Al ingresar a la licenciatura los estudiantes provenientes de preparatorias y CCHs de la UNAM, acostumbrados a aprobar las materias con un mínimo esfuerzo, resienten el mayor grado de dificultad que existe en este nivel. Pocos de ellos hacen un verdadero esfuerzo por tener un aprovechamiento aceptable, muchos otros reprueban y algunos desertan en los primeros meses. La mayoría de los que continúan a pesar de sus malos resultados son perseverantes y aunque reprueban materias saben que hay muchas oportunidades para tratar de aprobarlas. Se inscriben con profesores que son conocidos como "barcos", que les facilitan la forma de aprobar, o copian en los exámenes. Como los exámenes extraordinarios son baratos, muchos estudiantes se presentan sin estudiar, para ver si copiando o con muy buena suerte aprueban la materia. En algunas carreras los exámenes departamentales son obligatorios y son una buena medida para exigir un mínimo de conocimientos para aprobar una materia. Ya en el congreso universitario que se realizó a principios de los noventas se votó en contra de los exámenes departamentales. De realizarse un nuevo congreso como pedían los paristas, ya sabemos los resultados que se pueden esperar.
Terminar una carrera en la UNAM no es tan fácil, en algunas escuelas y facultades se exige más que en otras.
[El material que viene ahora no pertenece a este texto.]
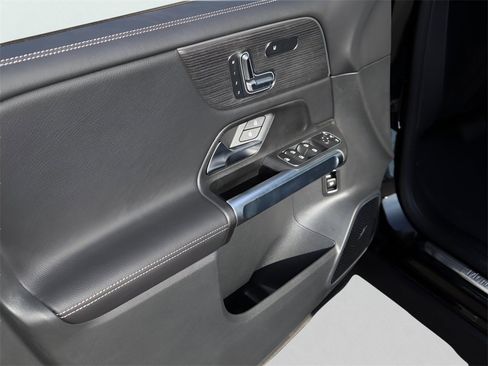 New 2026 Mercedes-Benz GLB 250 4MATIC image 24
En la UNAM se puede ser tan bueno o tan mal estudiante como uno desee. Hay alumnos que estudian hasta seis horas diarias o más, pero la mayoría no estudia más de media hora diaria en promedio. Generalmente basta con ser perseverante para lograr terminar una carrera. De los estudiantes que terminan su carrera muchos no se titulan, pero eso no es tan importante como el hecho de que muchos no encuentran trabajo en el área para la que estudiaron. En parte esto se debe a la saturación del mercado laboral en algunas profesiones; sin embargo, los mejores egresados de estas carreras y los egresados de otras universidades privadas e incluso de algunas públicas consiguen empleo con mayor facilidad. También puede afectar la mala fama que ha adquirido la UNAM para que no sean contratados sus egresados. La verdad es que muchos están mal preparados aunque no necesariamente un mal estudiante tendrá que ser un mal profesional; eso depende de la profesión, porque a nadie le gustaría ponerse en manos de un médico o de un abogado que no sabe lo que está haciendo.
La verdad es que aunque la universidad es casi gratuita, no es para los más pobres. Quienes se benefician realmente de ella son los que tienen los recursos suficientes para sufragar los numerosos gastos en libros, materiales, transportes y alimentos. Durante muchos años la UNAM ha facilitado las cosas para que muchos jóvenes puedan cursar una carrera universitaria, pero desde hace algunos años esto ya no es garantía para ellos de un mejor futuro. Hoy en día los graduados de las universidades privadas se están adueñando de las mejores oportunidades de empleo y desarrollo profesional. Además se les prepara para ser empresarios, algo que no ocurre en la UNAM ni en otras universidades públicas. Quienes exigen mayor acceso a la universidad, gratuidad, pase automático, congreso universitario, etc., deberían reflexionar en lo que piden, pues podrían devaluar aún más el anhelado título universitario.